Internally displaced children face the same risks as refugee children; in some cases, they experience even higher levels of uncertainty, as they continue to live in and around conflict zones. However, there are no binding provisions regarding internally displaced children in international law, and few organizations have clear institutional mandates owning responsibility of care. In spite of the magnitude of the population movements due to intrastate violence in Pakistan, the Government does not consistently acknowledge its responsibility for protecting or assisting IDPs and has not adopted a national IDP policy or law. In fact, national authorities often refrain from use of the term “IDP”, instead describing individuals as “temporarily dislocated” or “affected. An entire generation, therefore, is in a state of flux.

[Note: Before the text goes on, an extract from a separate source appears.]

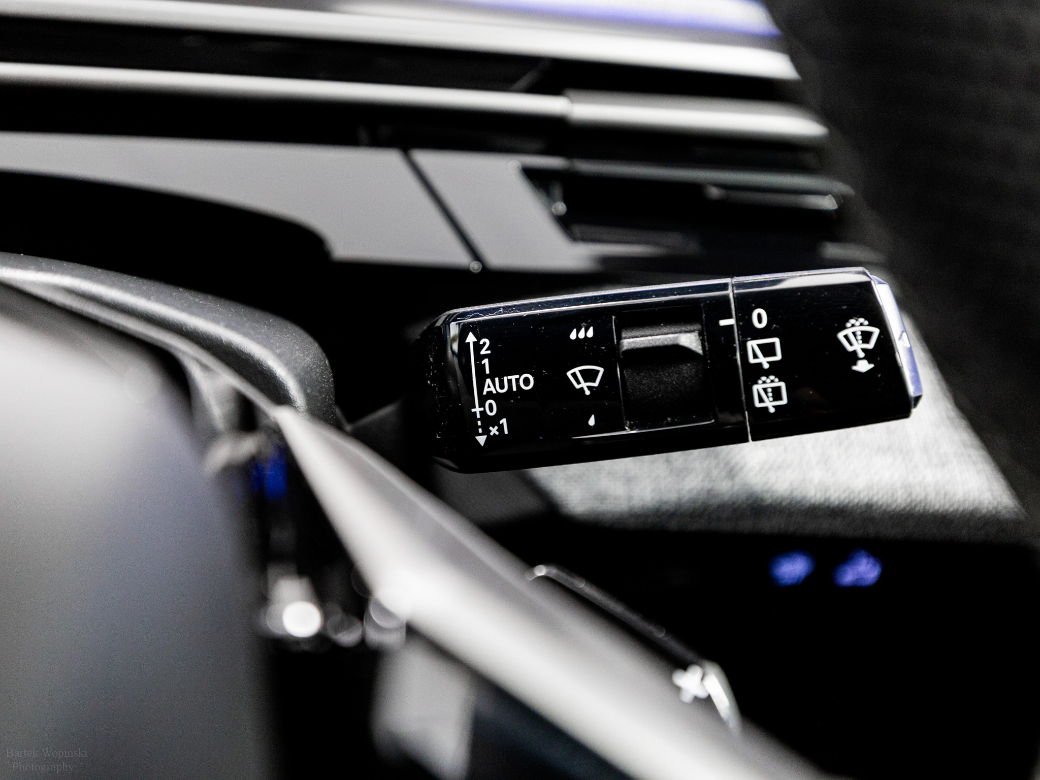 2025 Peugeot 5008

While there is no specific validation of the crises of internal displacement, there are some rights that can be invoked by every individual. On the global scale, education has been recognized as both a basic right and an “enabling right,” that should be incorporated in any humanitarian response. As a state, Pakistan has committed to providing free, compulsory education to every child under sixteen. In practice, however, there are serious challenges impeding the provision of schooling to displaced populations. Presently, the authorities are placing emphasis on return and continuing to discourage permanent settlement of IDPs anywhere other than their places of origin. At the same time, efforts to facilitate return have been offset by forced movement due to ongoing violence. The situation of uncertainty means that internally displaced children rarely have formal access to public schooling. While those in camps can benefit from services provided by non-government organizations, those who are dispersed among urban populations are at a particular disadvantage.
The longer children stay out of school, the less likely they are to return. Thus, neglect at this point not only has immediate implications for children experiencing the trauma of displacement and disruption, but will also impact their future trajectories. In a fragile country wracked by terrorism, these children are particularly vulnerable to recruitment by exploitative groups. The choices they are given will in turn have implications for the future of their families, communities and society.
The idea of school space is a sacred one, where childhood can be protected and preserved. In a less than ideal world, both policy and practice need to evolve in response to dynamic needs. The international community, the Pakistani state, and the plethora of local organizations committed to Education for All have a serious task at hand, when it comes to constructing possibilities to follow the wandering child, lost within state borders.